Set down exactly the lines in the records below that run from the line with "江苏省扬州中学2022-20" to the line with "QQ圖片20190111161527", inclusive, and nothing more.

> Records for the exercise
• • • •

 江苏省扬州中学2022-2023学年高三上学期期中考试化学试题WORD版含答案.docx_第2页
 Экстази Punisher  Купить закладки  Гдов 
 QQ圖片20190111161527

• • • •

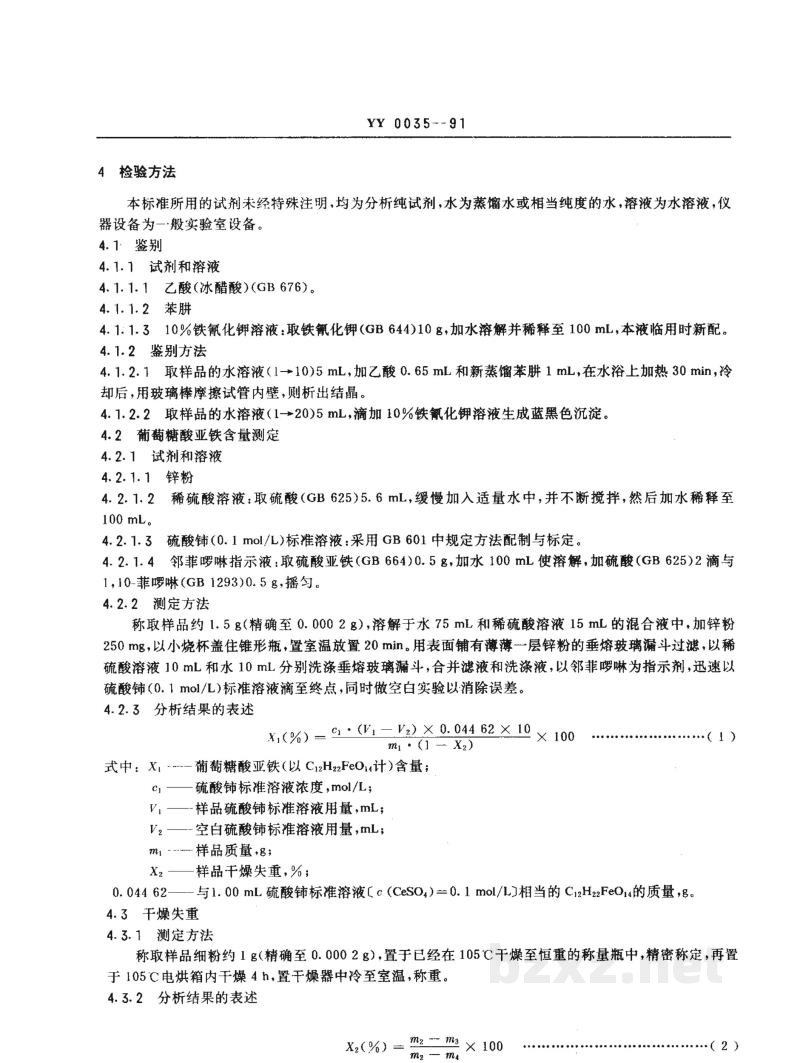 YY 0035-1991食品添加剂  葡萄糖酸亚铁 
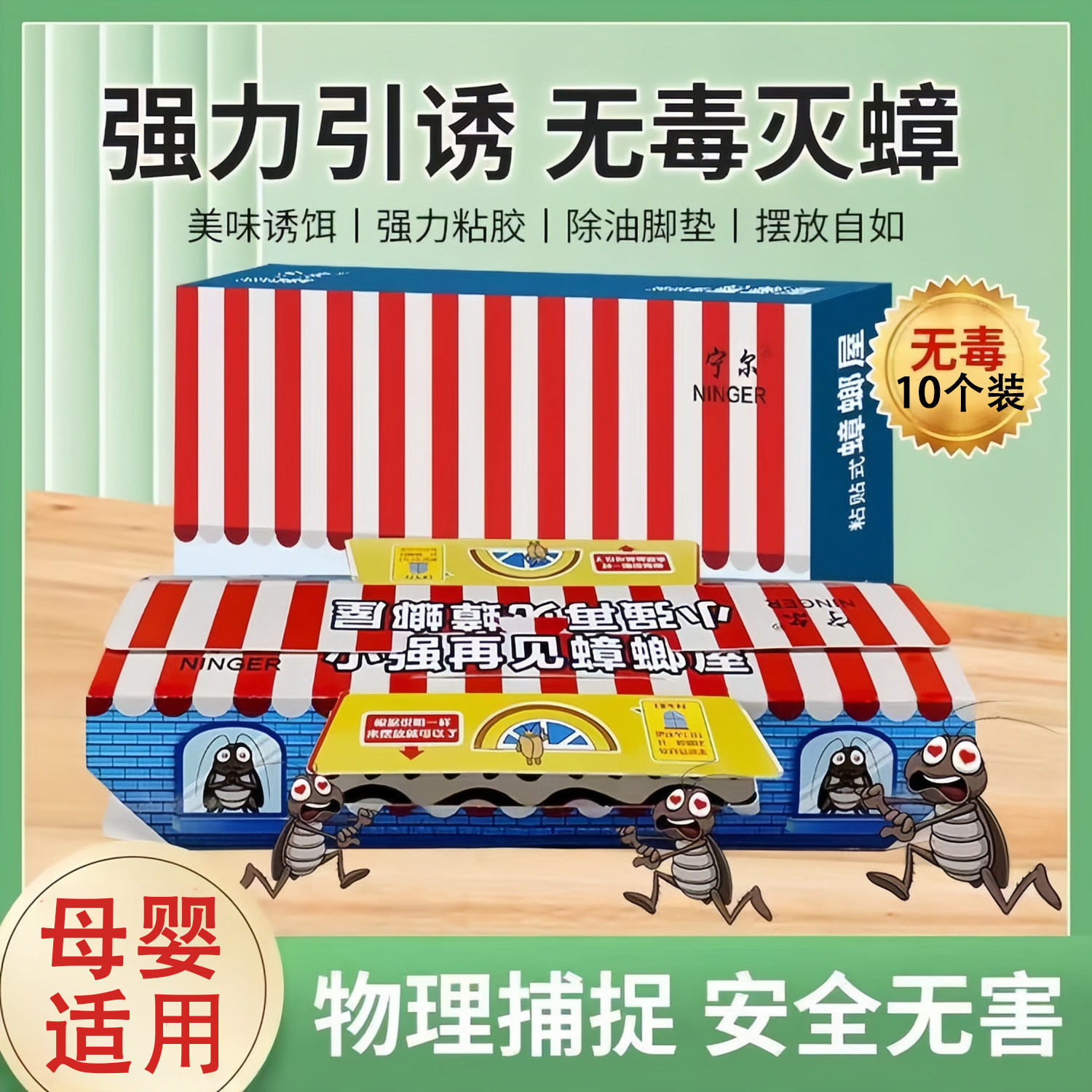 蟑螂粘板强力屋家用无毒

• • • •

> Exercise result
 江苏省扬州中学2022-2023学年高三上学期期中考试化学试题WORD版含答案.docx_第2页
 Экстази Punisher  Купить закладки  Гдов 
 QQ圖片20190111161527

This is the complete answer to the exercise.